And the Tower of Zhaal is a rip roaring fun ride. It is a roller coaster of an adventure with the heroes (spoilers) summoning Cthulhu itself to save the day at the end. 


Then, in the Tree of Azathoth, Phipps completely changes gears and we go from Weird West to Film Noire. Booth ends up in a city in the dream lands and find the role of hard boiled detective coming over him. And the genre flip is acknowledged in context.


The books are a well balanced blend of Cthulhu Lite and Cosmic Horror. The heroes are able to defeat eldritch abominations. Beings like deep ones and ghouls are humanized. Booth has civil conversations with shogoths and Nyarlathotep and more. But, in the big picture, the Great Old Ones won, every victory is fleeting and hollow, and humanity is entirely meaningless.


And the Tree of Azathoth is the bleakest book, at least unless Phipps writes another one. The remnants of humanity are ghosts living in a dream world. That was a nightmarish outcome that Booth fought against in the first book and now that is as good as it gets. 


I was impressed by how bleak it got. By the end, it was full on cosmic horror while still giving Booth agency. It’s good enough I don’t want to spoil it beyond saying that.
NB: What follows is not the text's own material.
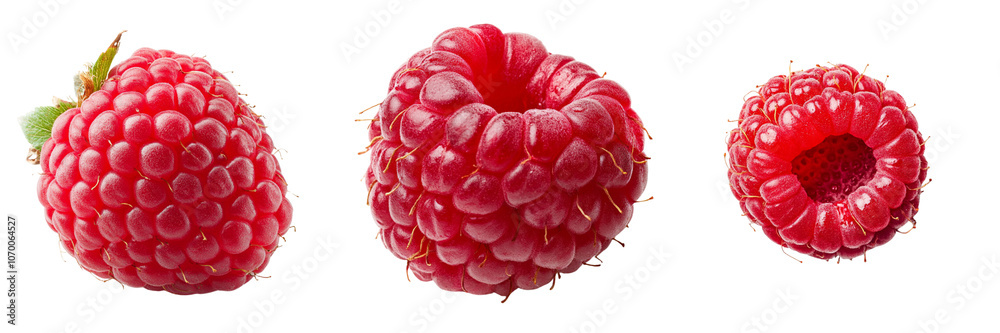 Set of fresh red raspberry fruit cut out isolated on a transparent background Set of fresh red raspberry fruit cut out isolated on a transparent background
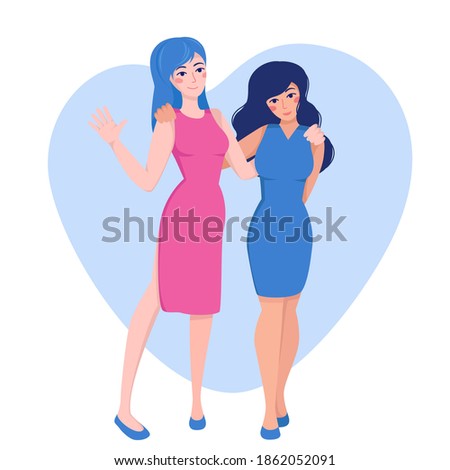 Two girls are hugging. Lgbt love. Valentine's card. Valentine's Day. Vector illustration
Through out all the books, Phipps makes shoutouts to many authors but Brian Lumley get a lot of them. Lumley was important both as a proponent of Cthulhu Lite and keeping Lovecraft alive before his worked made the jump to pop culture. 


But I just keep thinking that Phipps does it so much better every time he references Lumley. Phipps normalizes the Mythos more effectively with making monsters normal people. But when he goes for abyssal horror, it hits hard.


Since Phipps makes several references to Howard, particularly in the third book, I’m expecting swords and sorcery if we get a fourth one.